Three years before French director Max Ophuls made his penultimate film, Madame de… he made La Ronde (1950). In that film, based off Arthur Schnitzler’s fin-de-siècle play, the plot is a Viennese set drama opening with a prostitute who meets a soldier and spends time with her, he in turn meets a maid who falls in love with him and is abandoned and she is then swept up by her employer’s son and so on for the next 10 people until the story goes for full circle and ends back with the prostitute.
This ronde theme is repeated in Madame de… in which a set of diamond studded earrings end up doing the rounds, linking and bringing people together as well as pull them apart. Again, set in the belle epoque period, this time in France, the film opens with the wife of a general, Lousie (Danielle Darrieux) who is going through her jewellery and fur coats looking for something to sell to get her more ready cash. She decides on a pair of diamond earrings, a gift from her husband. She sells them to the jeweller who is concerned at what her husband will say. She will think of something she says. One evening Louise goes to the opera with her husband, the General (Charles Boyer). While sat in the opera box she tells him that the earrings are missing, worried that she has lost them, leading the General to retrace their steps and search the opera house for them. A scandal then threatens to break out that they have been stolen. The next day the jeweller informs the General his wife had sold him the earrings and he was concerned offering to sell them back to the General. Back home, he humours his wife’s story, conscious that not only is she continuing with this lie but also that she would sell this special gift, given to her by him the day after the wedding day. He in turn gives the earrings to his mistress as a gift when she leaves France for Constantinople. There, the mistress, Lola uses the diamonds to clear her gambling debts. The earrings again end up in a jeweller’s in Constantinople where they are eventually bought by an Italian, Baron Fabrizio Donati (Vittorio de Sica). At a railway station in Basel, Donati becomes enchanted with a woman he sees at the station and later bumps into her in France. She is the wife of the General and begins an affair with him when he gives her the gift of [her old] earrings, giving the earrings greater significance for her.

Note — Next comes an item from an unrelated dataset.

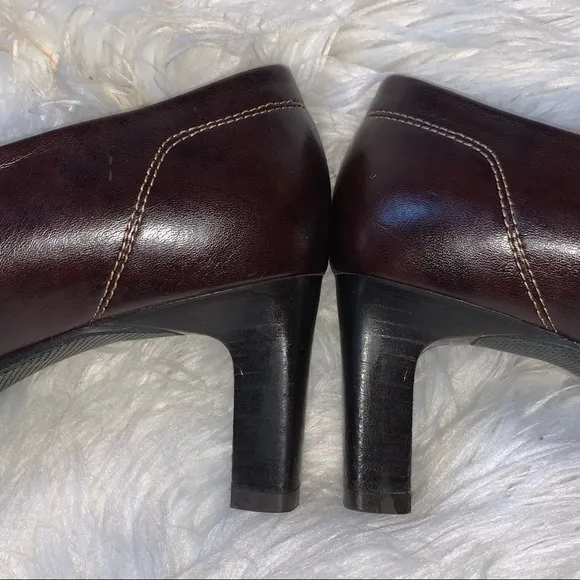 s l e e k :: Paul Green Square Toe Leather Pumps Heels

Max Ophuls, especially in his last films has something of the Lubitsch touch to them. Like Lubitsch, Max Ophuls was an emigree. Born in Saarland in western Germany he also lived in Alsace-Lorraine, the formerly disputed French-German territory. He later became French and, as a Jew made his way to Hollywood in 1941 as the Nazis swept through Europe. The ‘Lubitsch touch’ was the distinctly sophisticated European style that Ernst Lubitsch added to his films. This style brought with it a sophisticated, subtle caustic wit, an old European elegance and sex. These attributes can easily be accredited to Ophuls films, especially the later ones. There is a sumptuous attention of detail and Viennese style and elegance in Madame de… that is highlighted further by Christian Matras’s camerawork as he sweeps and cranes through the elegant interiors. Ophuls pushed his cameramen to make difficult to light sweeps such as those in the film. This is underscored and compliments the music of classical composer Oscar Straus (no relation to the more famous Strauss dynasty, although his name does add further elegance to the film) and Georges Van Parys, with its swirling Viennese style of waltzes. There are even plenty of balls for the viewer to enjoy.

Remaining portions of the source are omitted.